Not bad, 10am the first day of our hunt and two tags filled with excellent bulls. Now as most big game hunters know is when the real work begins. Funny how these five to six hundred pound animals just don’t want to cooperate once you put them down.
We ended up taking these two bulls nearly a half mile from camp. Compared to any other terrain a half mile across the tundra is like 5 miles anywhere else. Now the challenge of skinning, cape-ing, quartering and packing these two back to camp. The weather had been deteriorating steadily and was now in the high thirties and the winds building past 40 miles per hour. By 9pm the last load of caribou and with the last ounces of strength we complete the task of bringing the meat, hides and antlers back to camp.

As instructed we use the satellite phone to call in and report our kills. We explain that we are prepared to hunt the remaining days to fill our wolf tags. The outfitter explains that a fierce arctic storm is headed our way and to prepare to be pulled out tomorrow morning. “If we can’t get you and Joel out tomorrow morning we may not be able to get you at all”. It appears that behind this storm, the temperature is well below freezing. Once Pike Lake begins to freeze up the float plan can no longer attempt a safe landing. That leaves only a desperate 14 mile hike over the tundra to the town of Noatak which is on the opposite side of the Noatak River from our camp. We are so tired from the day’s hunting we sleep through the 45 mile an hour winds and rain. We’ll worry about tomorrow when it comes. At day break, steel gray skies and a fierce wind meet us outside the comfort of our tent. We begin to take down the camp which only a few short days before we worked so hard to put up. The phone rings to notify us our plane is on its way and about only 30 minutes out.
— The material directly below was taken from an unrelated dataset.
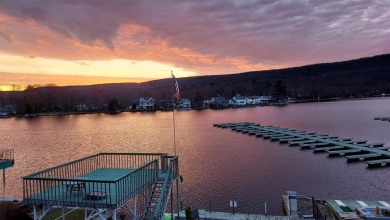Lake Townhome/Townhouse For Sale in Greenwood Lake, New York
Joel and I continue to break down camp and pack it to the shore along with meat, hides and antlers. We watch as the pilot circles the lake four times attempting to figure out the safest way to land on this windswept white caped torrent of surf. Finally he splashes down and cuts the power. The wind makes the plane nearly impossible to control once on the water. The plane comes to rest tail first against the shoreline a block or more down the beach from our pile of gear and animals. We labor against the wind and meet up with the pilot who is anxious to get out and back in the air before it gets any worse. We now need to move the pile down the shoreline of loose polished gravel to the plane and load it in whitecaps and swells a few feet deep. It becomes apparent it will take two trips to get us out. Joel agrees to stay behind and finish the last few tasks to close camp.
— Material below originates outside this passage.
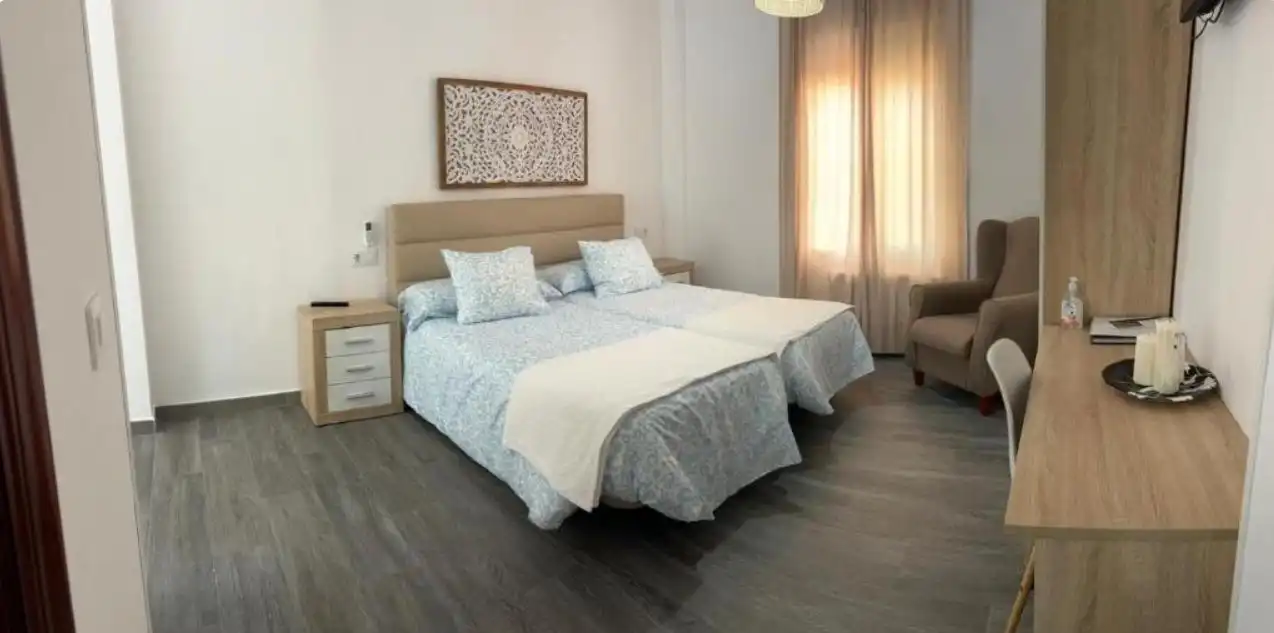 Dormitori de Casa o xalet en venda en Salteras amb Aire condicionat, Jardí privat i Piscina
The pilot and I attempt to use the planes thrust to pull off the beach, but the wind and waves have pushed us too far onto the gravel. We climb out and push the plane into waste deep water, jump on the floats, pile into the plane and apply thrust before we end up back on the beach. With one float free we finally pull off the rocks and start heading into the wind for the opposite shoreline. The whitecaps breaking over the floats and the heavy headwind makes attaining airspeed a real challenge. A hundred yards from the opposite shoreline we finally lift off and clear the opposite bank by only six feet with the floats. We made it out, and in once piece. What a way to end an arctic adventure.

Joel arrived safely back a few hours later and we congratulated each other for sharing an experience of a lifetime. The next day I would leave for my 2 days return trip home.